Lessons from a Man Who Has Been There and Done That (III)
In Thomas Oden’s book After Modernity…What? he tells a fascinating story that set me to thinking. It seems that he had a research year, but was going to be limited in the actual number of books he would be able to take with them. Thus, he found himself in the highly untenable situation of having to choose only a rather small selection.
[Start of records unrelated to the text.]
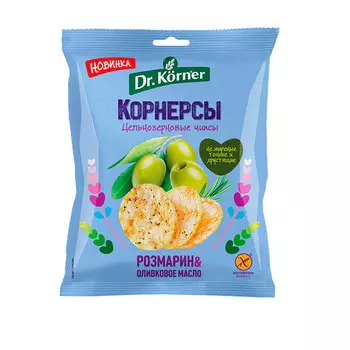 Чипсы Dr.Korner цельнозерновые кукурузно-рисовые с оливковым маслом и розмарином 50 г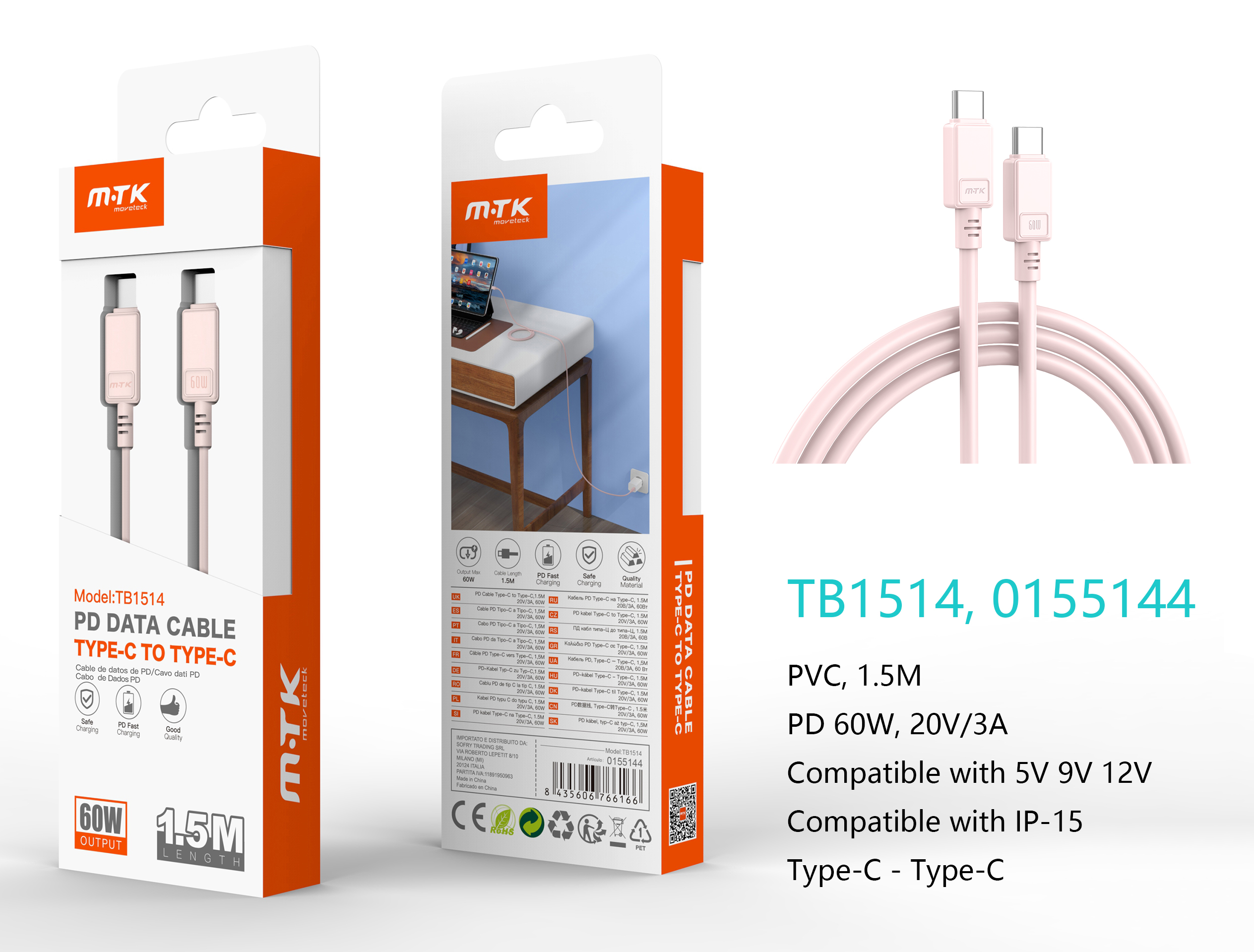 TB1514 BL Cable de Datos Lucie Type-C a Type-C, Carga Rapida 60W 20V/3A, Compatible con Apple Type-C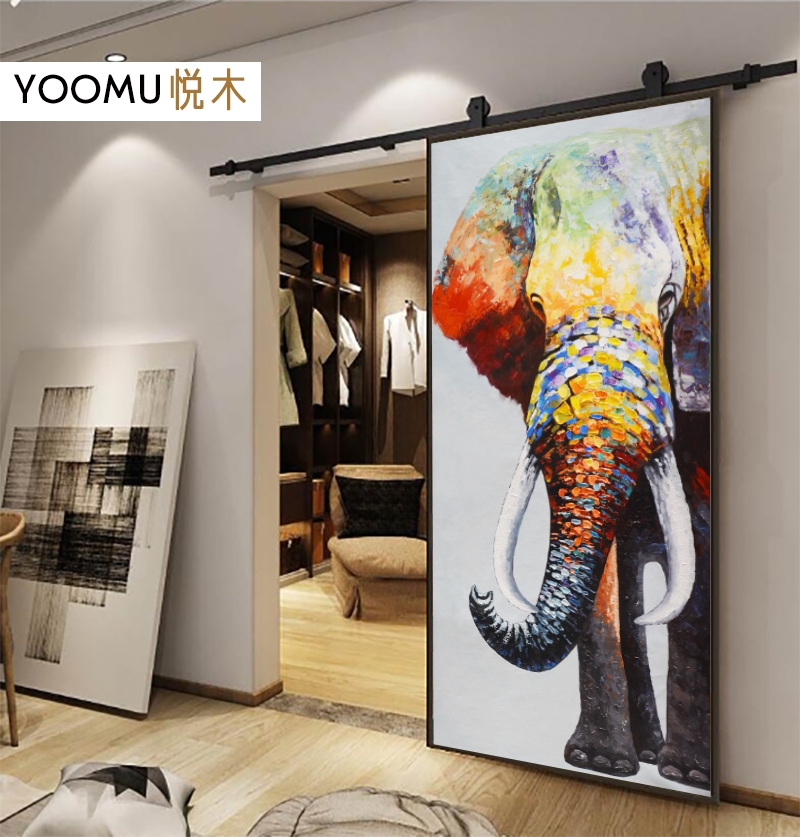 彩绘门油画大象室内推拉谷仓门实木复合移门卫生间门厕所防水木门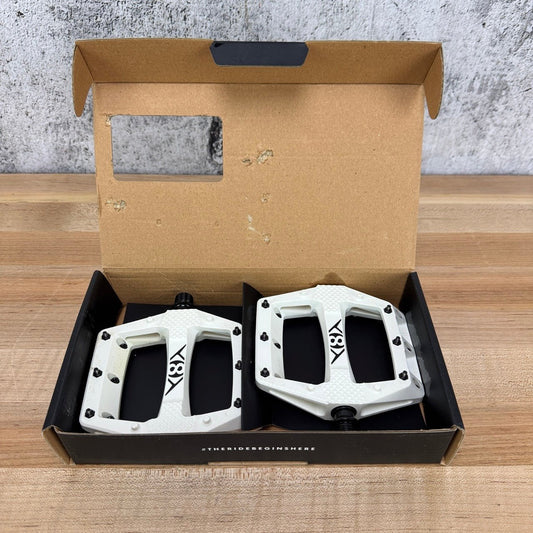 New! Origin8 Strapd White Composite Platform/Flat MTB Bike Pedals 364g MSRP $60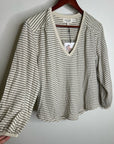 Nation LA 100% Organic Cotton Savanna Shirred Top in Espresso Pinstripe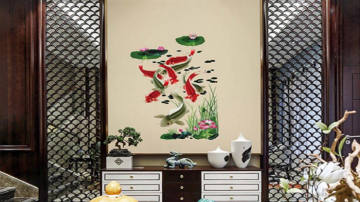 鑫丽阁墙布-多色苏绣独花背景系列图片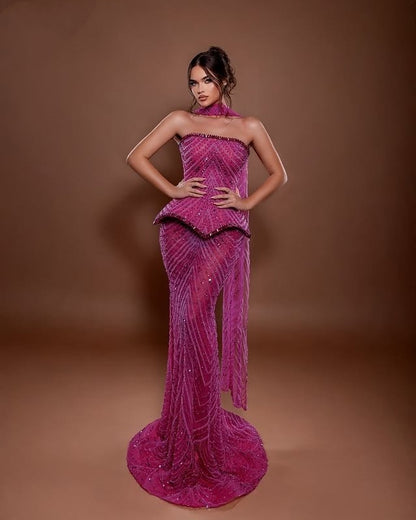 Eye-Catching Sheath Strapless Sweet 16th Dresses Sequins Rhinestones Prom Dress AP6239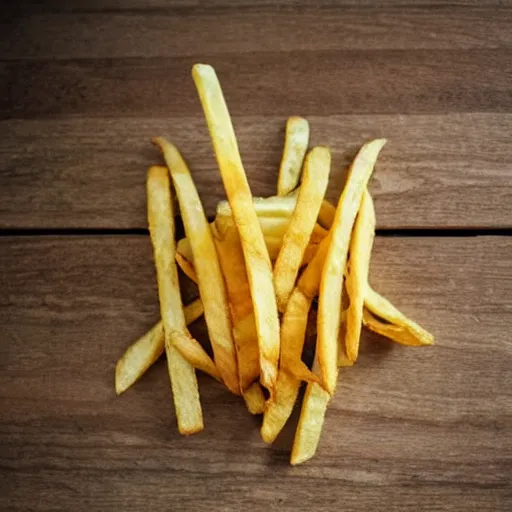 Image similar to photo of [ a single salted french fry chip ] shaped like that looks like stephen fry as a pixar character hybrid intercross mix cinematic lighting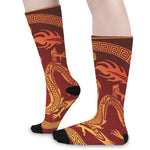 Chinese Dragon Zodiac Sign Print Long Socks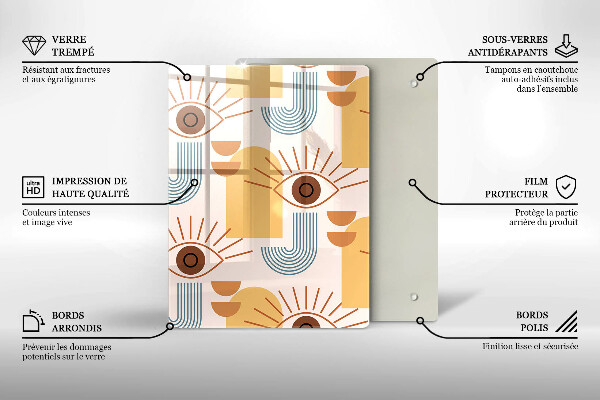Glas Ceranfeldabdeckung Boho-Augenmuster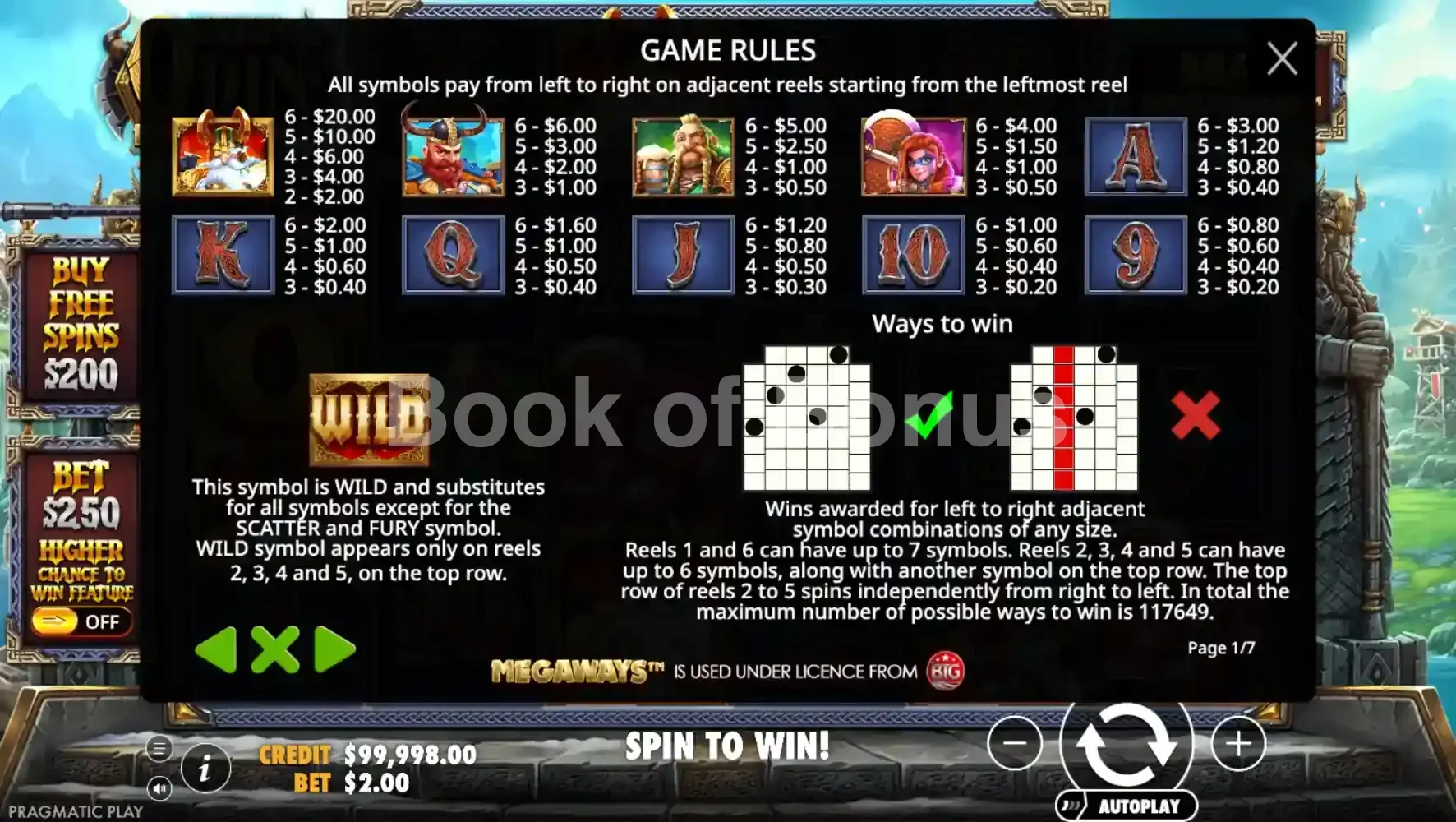 Fury of Odin Megaways par Pragmatic Play - table des gains et valeurs des symboles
I pray that I’ll never have to do that, but Oden did.
As he went through his second and third round “cuts” what he describes as “an astonishing pattern” became apparent to him.[1] When he had finally pared the books down to the actual number he would take with him he writes, “…the shock hit me: there were no books among my final selections from the twentieth century!”[2] I don’t believe I’d go quite that far as I believe some very good books have appeared in the 20th and 21st centuries, but his point is well taken.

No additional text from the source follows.